A Confederacy of Dunces Author:John Kennedy Toole Ignatius J. Reilly, a grossly overweight medieval scholar who lives with his mother, is forced to seek employment when she can no longer tolerate his laziness. His disdainful encounters with the modern culture of New Orleans, his habitual misunderstanding of its inhabitants (some of them no less eccentric than himself) and his often hypocritical... more » efforts at scholarly success make him one of the most memorable comic characters of modern literature.« less
One of the funniest, most inventive, outrageous, creative books I've ever read. This novel has the unique distinction of having a character that is despicable and loveable at the same time. If you don't believe that's possible, read this book and you'll know what I mean.
Now everytime I want to get out of doing work, I jokingly complain about a "valve" in my heart. But only a character as visionary and charismatic as Ignatius could actually pull that one off.
An outlandish, hilarious novel made more bittersweet knowing the author committed suicide. After his death, his mother found this ms. and Toole's one and only gift to the world was published.
Set in New Orleans, our unlikely hero is an overweight, spoiled brat, living at home with mom - in his 30s. He imagines himself superior to everyone in the known universe, therefore, cannot besmirch his integrity by getting a mere job. He spends his days eating and thinking and eating until his mother gets fed up. "Get a job!"
He travels through a cosmos of vivid characters, garish drag queens, and hot dog vendors, in a bumbling and half-hearted job search.
This book is damned funny. Every time I read it, I laugh out loud. And I grieve that a such a gifted writer was filled with so much sorrow that before he found acclaim, his sadness spilled over.
You won't find this book on my shelf. Im'a keepin' it and gonna read it again.
I read and re-read this book every few months and I always discover somthing new to laugh about. The most wonderfully eccentric characters I have ever come across. It pains me that the author took his own life and has deprived us of more of his brilliant work.
This wildly inventive and amusing novel features one of the most unforgettable characters in modern fiction: Ignatius Reilly. He's a mammoth misfit Medievalist hilariously at odds with the world of the twentieth century, and his adventures take him to 'way down, to New Orleans' lower depths.
The only criterion I can think of that would let this book qualify for a Pulitzer is "so obscurely written that it must be good" This is an Emperor's New Clothes kind of book.
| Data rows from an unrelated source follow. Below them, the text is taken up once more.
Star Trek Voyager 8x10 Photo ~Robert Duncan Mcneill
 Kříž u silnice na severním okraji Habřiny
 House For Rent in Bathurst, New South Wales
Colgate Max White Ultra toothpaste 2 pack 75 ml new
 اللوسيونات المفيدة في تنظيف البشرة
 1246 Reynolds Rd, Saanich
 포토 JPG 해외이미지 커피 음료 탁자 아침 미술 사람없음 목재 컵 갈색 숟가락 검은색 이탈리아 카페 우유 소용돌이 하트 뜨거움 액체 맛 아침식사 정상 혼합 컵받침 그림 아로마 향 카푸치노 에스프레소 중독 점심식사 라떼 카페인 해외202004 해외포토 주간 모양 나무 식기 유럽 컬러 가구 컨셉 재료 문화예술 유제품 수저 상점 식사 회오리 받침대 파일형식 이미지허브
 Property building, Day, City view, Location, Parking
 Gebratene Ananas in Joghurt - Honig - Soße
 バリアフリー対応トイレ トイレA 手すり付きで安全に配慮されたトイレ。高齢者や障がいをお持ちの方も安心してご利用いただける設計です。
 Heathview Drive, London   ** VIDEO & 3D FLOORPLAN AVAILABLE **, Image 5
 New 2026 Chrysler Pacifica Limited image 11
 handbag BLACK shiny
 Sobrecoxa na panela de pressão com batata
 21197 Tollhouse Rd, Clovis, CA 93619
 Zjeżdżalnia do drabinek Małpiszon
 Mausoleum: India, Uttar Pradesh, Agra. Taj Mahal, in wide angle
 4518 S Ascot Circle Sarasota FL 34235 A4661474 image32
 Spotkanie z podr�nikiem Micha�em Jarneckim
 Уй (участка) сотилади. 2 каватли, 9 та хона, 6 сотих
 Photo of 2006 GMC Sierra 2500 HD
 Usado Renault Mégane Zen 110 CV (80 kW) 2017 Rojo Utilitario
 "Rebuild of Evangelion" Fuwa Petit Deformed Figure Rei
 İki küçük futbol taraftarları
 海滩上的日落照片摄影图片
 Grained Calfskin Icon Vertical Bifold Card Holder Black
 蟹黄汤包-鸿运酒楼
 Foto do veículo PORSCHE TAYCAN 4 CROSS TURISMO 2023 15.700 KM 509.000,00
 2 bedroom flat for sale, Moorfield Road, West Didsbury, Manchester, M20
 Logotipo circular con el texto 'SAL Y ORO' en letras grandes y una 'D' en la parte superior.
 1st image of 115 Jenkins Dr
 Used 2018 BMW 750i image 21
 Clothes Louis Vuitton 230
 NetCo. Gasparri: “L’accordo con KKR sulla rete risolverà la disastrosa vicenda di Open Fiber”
There's nothing good it in, it's hard to read, and it doesn't seem to have a point. The main character is disgusting, lazy, and pathetic (and not in a good way!) There are very few books I don't enjoy, but this is one of the worst I've ever read. The only thing I liked was the clever turn of phrase for the title.
I have honestly never read a book quite like this one, and with that being said, I am not sure that I will ever experience one quite like it again. It is absolutely fantastic. Since I am from the South and live very close to New Orleans, I was able to really visualize the characters and setting. Toole got it quite right when he created the kooky characters in this book. I can really see some of these folks hanging out in the French Quarter!
When I read what the book was about, I wasn't really sure that I could read a whole book about a momma's boy with a flatulence problem, but Toole made this story line work better than most other books I have ever read. It has truly become an instant favorite for me!
I started this unabridged audiobook on my 24-hour roundtrip drive to my parent's house (Alabama to Texas) for Thanksgiving this year. I was looking specifically for a humorous novel and selected this one from the Good Reads listopia for Best Humorous Books. I was intrigued by the author's tragic story, the setting of New Orleans and the fact that the book was first published in 1980 by LSU Press (my alma mater). The first 1/3 of the book was laugh out loud funny but as the story progressed, the humor grew stale. As the book came to an end, I wondered whether its Pulitzer Prize for Fiction was a bit misplaced or was based, instead, on the incredible story surrounding the book instead of the book itself. I do, however, agree that the depiction of New Orleans was outstanding and the city truly served as a character in the story itself.
I read this book because a friend was going to act in the production of it and i wanted to see what it was about. I wasn't thrilled with this book. It didn't keep my attention even though it was on the top seller books to read. I never finished it and that is a RARE occurrence for me.
So, maybe just not for me.
An interesting read. I first read an article in a magazine quoting his mother. I wonder how much of this book is autobiographic? At times I felt like it was a train wreck waiting to happen, because the article mentioned his young demise. It won a Pulitzer Prize and the only other thing he ever wrote was "The Neon Bible" when he was just 16.